自分の身体感覚を確認する、歩けるところに行く旅
ミュージシャンや著名人のポートレート撮影、エッセイの執筆と並行して作品を発表している大森克己さん。フリーランスとしての活動は35年。千葉県・新浦安に暮らして28年。写真を撮ること、言葉を綴ること、日々の暮らしで感じること。それらの繋がりに思いを巡らせて、見えてくるものに“耳を澄ます”。そうして、イマジネーションを膨らませて脳内で旅をすることもあれば、その時々に心の向く場所にふらりと足を延ばして旅を愉しむこともある。この2年余り、大森さんは歩いていける浦安を旅することが日課のようになっていた。
「自宅からの最寄り駅はJR京葉線の新浦安駅なのですが、大体の用事がその周辺で事足りるんです。
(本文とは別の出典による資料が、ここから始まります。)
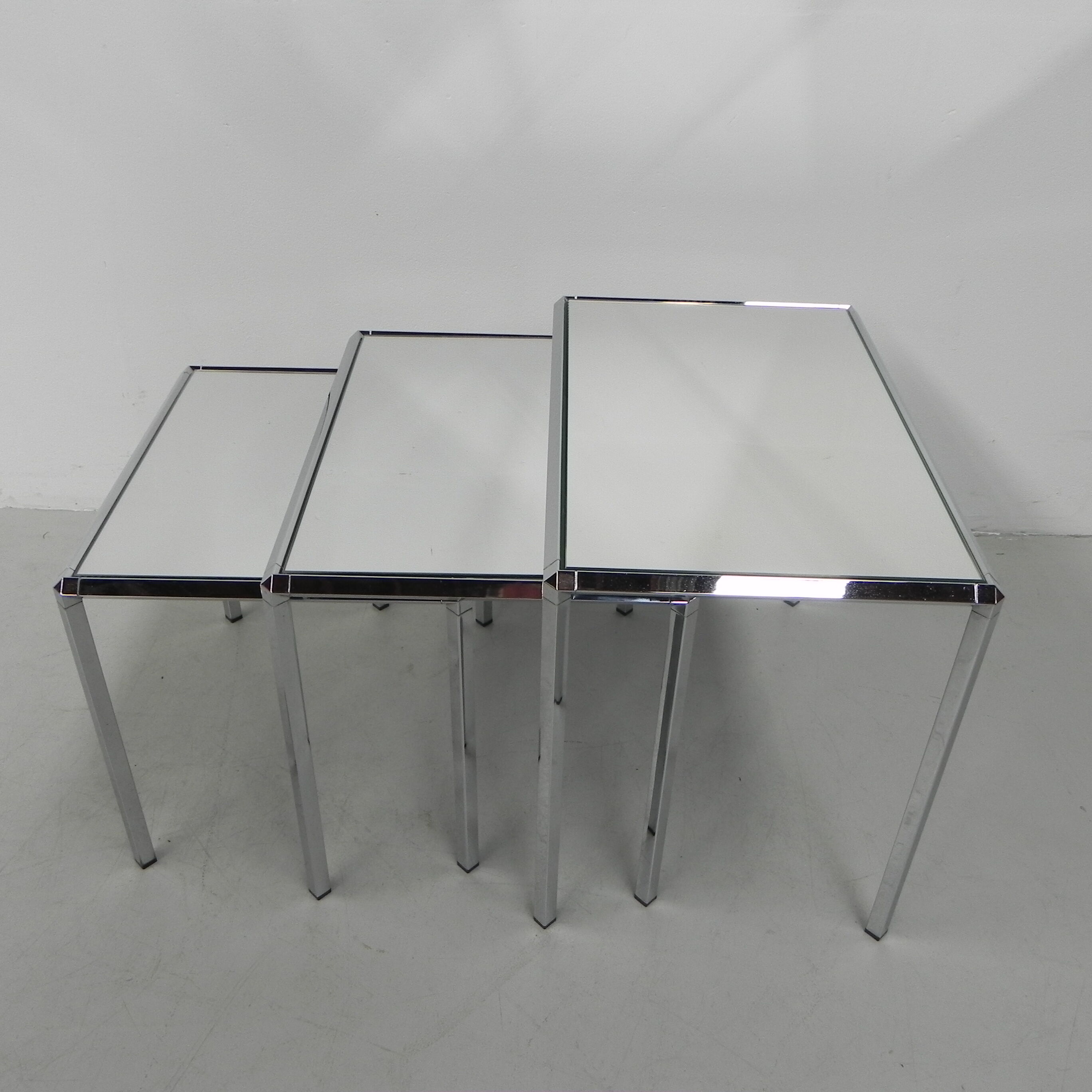 3 nesting tables with mirror glass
地下鉄東西線を利用する際に浦安駅まで出ることはあっても、日常生活で抱えている用事があるから、街をゆっくり歩くということはあまりなかった。2020年の春以来、自宅で過ごす時間が圧倒的に増えたので、近所をもっと見て見るか、と散歩がてら浦安に出かけるようになって。そのときに浦安を歩くリズム感ができました。
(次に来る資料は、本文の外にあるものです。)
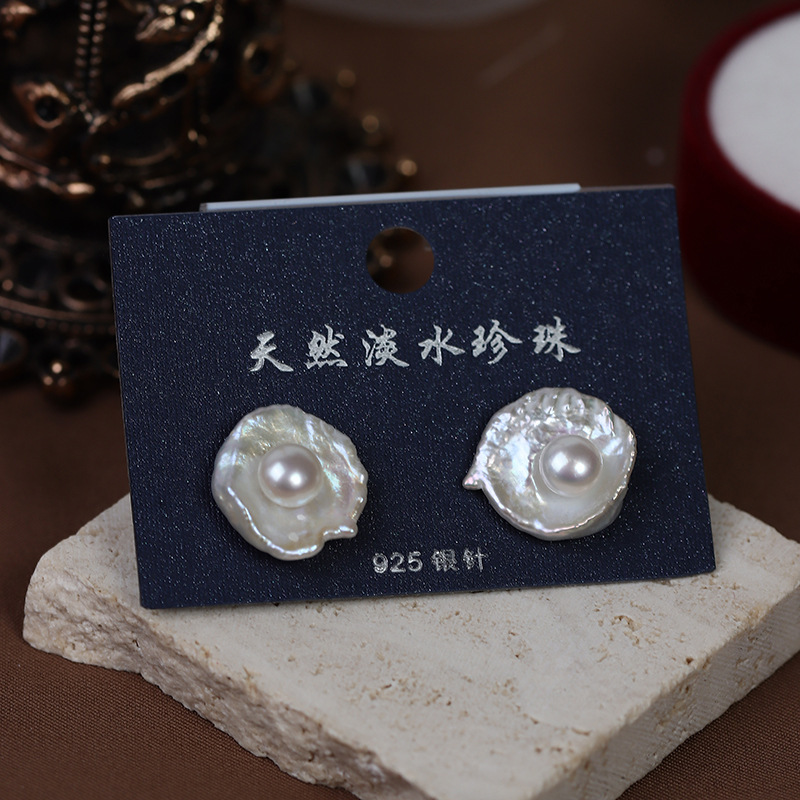 花瓣耳钉.jpg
“歩けるところにしかいかない”というのが意外と自分の身体感覚を確認できるように思っています。浦安市は狭いので、1時間くらい歩けば、東京や市川まで横断できてしまうサイズ感。だから、時間さえあれば市内をいろいろと巡ることができるんです。飛行機に乗って、海外にビューンと旅するのではなく、これだけ歩いたところにこんなものがある、という実感。いまはそういうことに興味があります」
また、浦安市は現在の形になる以前に“漁師の町”として栄えていたエリアがあるという。
山本周五郎の小説『青べか物語』の足跡を辿る
「『堀江ドック』という旧江戸川沿いの船着き場があって、自宅からそこまでが約4キロ。歩くと1時間くらいでちょうどいい散歩に。浦安側の河畔にはいくつか船宿が並んでいて、そのうちの一つ〈船宿 吉野屋〉は、作家・山本周五郎の小説『青べか物語』に出てくる〈船宿 千本〉のモデルとなった舞台。今でも現役で残っています」
物語では、貝と海苔と釣り場で知られる根戸川の下流にある漁師町・浦粕町として登場する。
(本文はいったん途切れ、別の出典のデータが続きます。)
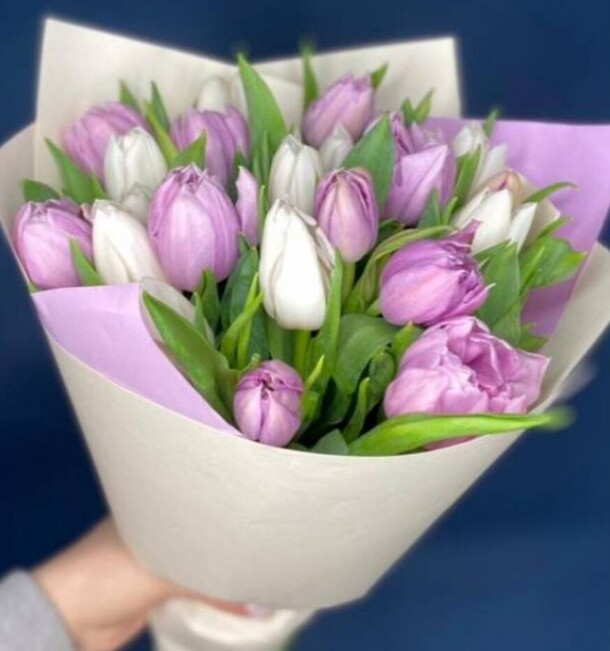 Букет тюльпанов, артикул F1256636 - 6325 рублей, доставка по городу. Flawery - доставка цветов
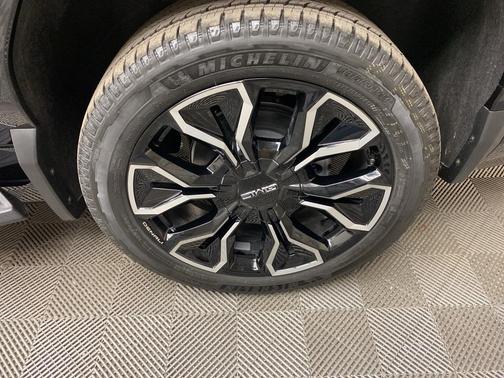 2025 GMC Sierra EV Denali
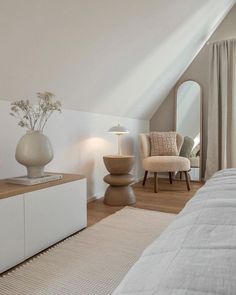 Apartment Makeover, Interior Design Per La Casa, Design Del Prodotto, Room Inspiration Bedroom, Room Ideas Bedroom, Home Room Design, Natural Living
「実際に山本周五郎は、ある時期にこの船宿で暮らしていたそうです。そのときの体験が元になっているようで、江戸川沿いの描写が出てきます。船宿の近くには飲み屋や小料理屋が並んでいて、若者が川で水遊びをしていたり、夫婦喧嘩をしている人がいたり。実際、当時の人々は、蒸気船を使って、日本橋の方まで移動していたらしい。自分はその時代に生きていたかった、とは思わないけれど、当時の風景を想像しながら景色を眺める時間はなかなかに味わい深いものがある。年を重ねると若い頃には興味がなかった土地の歴史に興味が出てくるところもありますし」
浦安市では、1971年の漁業権放棄を機に、産業としての漁業は終わっているが、漁師町としての名残がある。
同じ道を何度も歩く、新鮮さがある
「旅をしていると知らない道を歩く楽しさとか、ドキドキ感とかがあるけれど、同じ道を何度も歩く新鮮さもあるように思う。季節や時間帯によって見える景色がガラッと変わるから。毎日通っている道だから気づく変化もあるし、そんな小さなことに感動している自分自身が楽しいというか。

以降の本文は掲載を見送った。